Here follows a disquisition on "the Roman problem for the American thinker"; the last passage gives her conclusion:—

"A word to my countrymen and countrywomen, who, lingering on the edge of the vase, are lured by its sweets, and fall into its imprisonment. It is a false, false superiority to which you are striving to join yourself. A prince of puppets is not a prince, but a puppet; a superfluous duke is no dux; a titular count does not count. Dresses, jewels, and equipages of tasteless extravagance; the sickly smile of disdain for simple people; the clinging together, by turns eager and haughty, of a clique that becomes daily smaller in intention, and whose true decline consists in its numerical increase—do not dream that these lift you in any true way—in any true sense.
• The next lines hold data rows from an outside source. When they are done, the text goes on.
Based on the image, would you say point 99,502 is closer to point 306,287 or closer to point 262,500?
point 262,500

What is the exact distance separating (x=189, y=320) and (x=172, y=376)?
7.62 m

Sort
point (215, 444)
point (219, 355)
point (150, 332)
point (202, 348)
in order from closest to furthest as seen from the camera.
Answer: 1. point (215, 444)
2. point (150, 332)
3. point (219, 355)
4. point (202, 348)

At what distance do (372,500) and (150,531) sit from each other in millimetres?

For Italians to believe that it does, is natural; for Englishmen to believe it, is discreditable; for Americans, disgraceful."

The Terrys were at this time living in Palazzo Odescalchi. Our mother observes that "the whole of my modest house in Boylston Place would easily, as to solid contents, lodge in the largest of those lofty rooms. The Place itself would equally lodge in the palace. I regard my re-found friends with wonder, and expect to see them execute some large and stately manœuvre, indicating their possession of all this space."
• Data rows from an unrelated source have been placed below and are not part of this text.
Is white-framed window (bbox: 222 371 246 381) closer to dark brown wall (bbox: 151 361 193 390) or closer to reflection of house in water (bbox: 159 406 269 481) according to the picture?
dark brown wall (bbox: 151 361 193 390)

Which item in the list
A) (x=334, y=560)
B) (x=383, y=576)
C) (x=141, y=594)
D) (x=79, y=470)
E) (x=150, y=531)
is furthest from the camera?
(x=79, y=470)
It was Holy Week when they arrived in Rome, and she was anxious that the "neophytes" should see as much as possible of its impressive ceremonies. She took them to St. Peter's to see the washing of the pilgrims' feet by noble Roman ladies, and to hear the "Miserere" in the Sistine Chapel. These functions are briefly chronicled in the Journal and more fully in "From the Oak to the Olive."

"Solid fact as the performance of the functions remains, for us it assumes a forcible unreality, through the impeding intervention of black dresses and veils, with what should be women under them. But as these creatures push like battering-rams, and caper like he-goats, we shall prefer to adjourn the question of their humanity, and to give it the benefit of a doubt. We must except, however, our countrywomen from dear Boston, who were not seen otherwise than decently and in order."
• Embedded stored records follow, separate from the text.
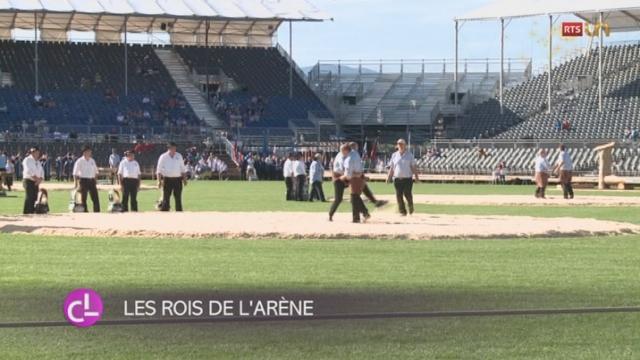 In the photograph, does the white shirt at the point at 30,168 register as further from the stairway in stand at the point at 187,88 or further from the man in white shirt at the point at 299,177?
the stairway in stand at the point at 187,88

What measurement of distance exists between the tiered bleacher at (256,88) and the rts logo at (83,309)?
6949 centimetres

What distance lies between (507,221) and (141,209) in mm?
12270

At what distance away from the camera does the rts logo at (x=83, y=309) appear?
470 inches

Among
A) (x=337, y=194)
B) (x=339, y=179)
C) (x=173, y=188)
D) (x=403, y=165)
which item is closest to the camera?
(x=337, y=194)

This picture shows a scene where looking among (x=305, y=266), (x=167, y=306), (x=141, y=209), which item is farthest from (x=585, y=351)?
(x=141, y=209)

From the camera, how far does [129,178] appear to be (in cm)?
3328

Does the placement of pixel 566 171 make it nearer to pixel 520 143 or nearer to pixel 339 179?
pixel 339 179

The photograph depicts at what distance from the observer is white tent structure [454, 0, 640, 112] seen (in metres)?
71.1

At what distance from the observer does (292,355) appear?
10.8 metres

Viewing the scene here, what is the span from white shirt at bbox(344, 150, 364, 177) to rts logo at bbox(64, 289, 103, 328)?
14.6 m

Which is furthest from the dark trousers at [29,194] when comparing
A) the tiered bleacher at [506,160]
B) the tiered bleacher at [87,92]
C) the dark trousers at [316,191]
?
the tiered bleacher at [87,92]

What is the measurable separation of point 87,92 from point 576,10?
31.1 metres

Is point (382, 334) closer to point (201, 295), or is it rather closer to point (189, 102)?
point (201, 295)

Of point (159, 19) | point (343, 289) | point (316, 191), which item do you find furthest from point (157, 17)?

A vivid description follows of the ceremonies of Good Friday and Easter Sunday, ending with the illumination of St. Peter's.

"A magical and unique spectacle it certainly is, with the well-known change from the paper lanterns to the flaring lampions. Costly is it of human labor, and perilous to human life. And when I remembered that those employed in it receive the sacrament beforehand, in order that imminent death may not find them out of a state of grace, I thought that its beauty did not so much signify."

In the Journal she writes, April 19: "It is the golden calf of old which has developed into the papal bull."

At a concert she saw the Abbé Liszt, "whose vanity and desire to attract attention were most apparent."